Open Source by Design


It’s time for GitHub to focus on helping oss thrive. Our "Open Source by Design" project includes three steps. The first step is set to wisely alter the “no license” default, and is based on data we’ve purposefully accumulated. The second step aims to create governance templates that prevent problems that hamper projects. The third step is a new service to help projects comply with license requirements of third party code. The final part of the plan is the project's evaluation metrics.

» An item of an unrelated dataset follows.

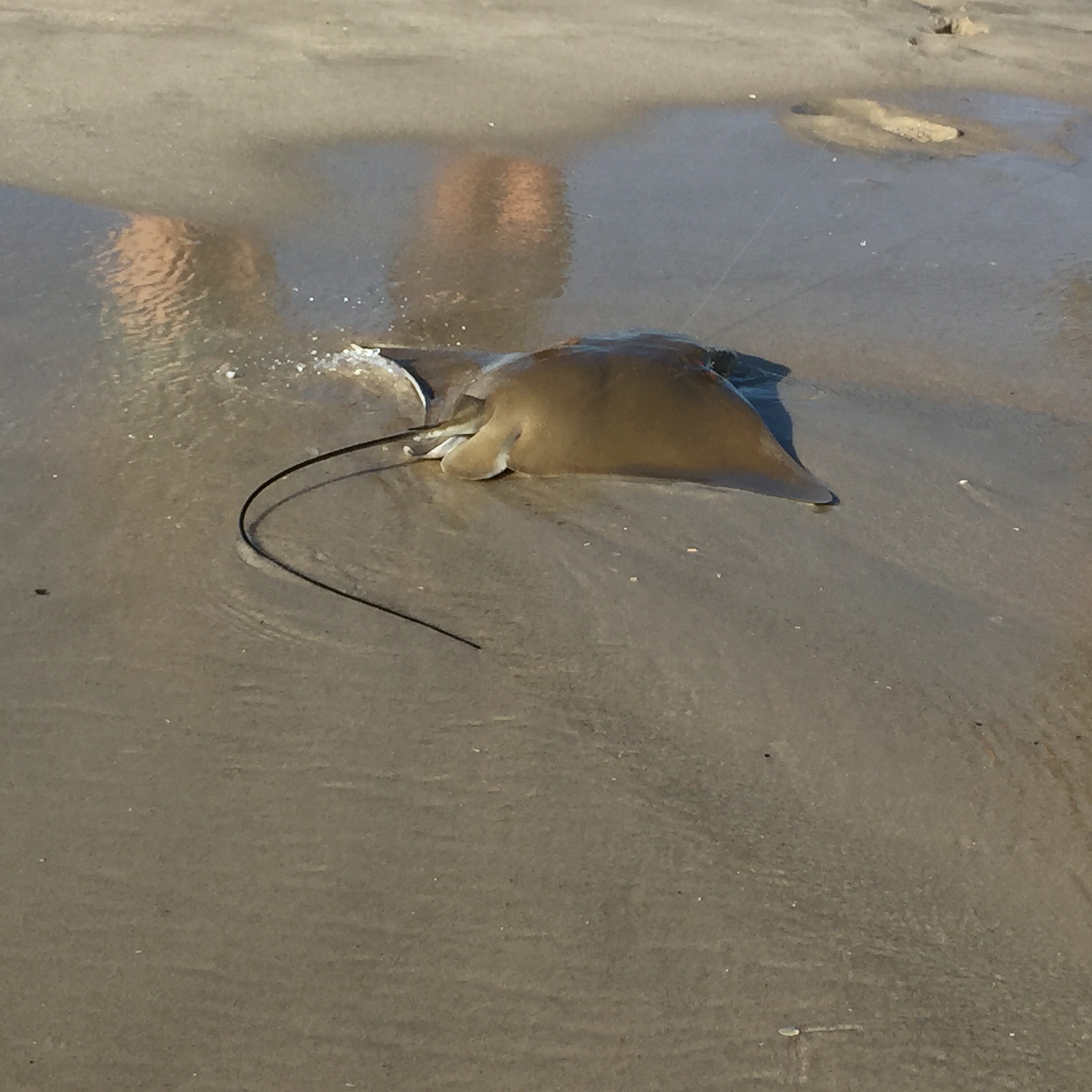 独角鲸灭绝了吗？解读海洋巨兽的命运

GitHub recognizes that it has a role in the development of open source code. For starters, and as a platform, GitHub obviously hosts a great deal of it. As a product, GitHub's primary and presumed workflow is like that of an open source project, with loose or disaggregated networks of project maintainers, contributors, and users. And even as a corporation, GitHub has at times attempted to organize itself according to open source models, experimenting with non-coercive, collaborative, and geographically disparate structures of corporate organization.

GitHub's internal legal counsel wishes to discuss what GitHub can do to help existing open source projects thrive, to support new projects and new contributors, and to promote the development of the open source community. More specifically, and given GitHub's unique vantage point, GitHub Legal is working on projects utilizing tools of governance and process to contribute to open source in new ways. We wish to present the details of an "Open Source by Design" project in four parts.

The first part relates to altering the default understanding as to what it means for a project to be hosted without an explicit license on GitHub. We show why we need to tread with care when we alter this default, which data we are collecting that is intended to help us choose the new default wisely, and where that data seems to lead.

Our second part aims to help introduce governance infrastructure to open source projects in order to solve problems that such projects may some day face. We place particular focus on problems that, in GitHub's experience, often hamper open source projects as they transition along some relevant axis, be it user makeup, maintainer makeup, rate of adoption, commercial developments, design disputes, ownership disputes or the like. We believe that by developing and offering some measure of template governance structures, much confusion and many challenges that bedevil open source projects may be avoided.

We are sensitive to the potential side-effects of such a project, such as the stifling of alternate project organization and governance models. Another interesting aspect of study would be to what extent, if any, such bottom-up models of project self-governance would influence, supplement, or even act take on the role of law as they themselves became subject to things like increased adoption and standardization. This question seems particularly relevant in areas where formal legislative intervention is light.

The third part of an "Open Source by Design" project would be a new compliance service that aims to help projects comply with license requirements of third party code that they use, to avoid license inconsistencies where they actually occur and flags preventing the neglect of licensing.

Finally, we've given much thought to the metrics by which we would gauge the success of the different steps of this project once implemented and that could help us plan the second stage of the project.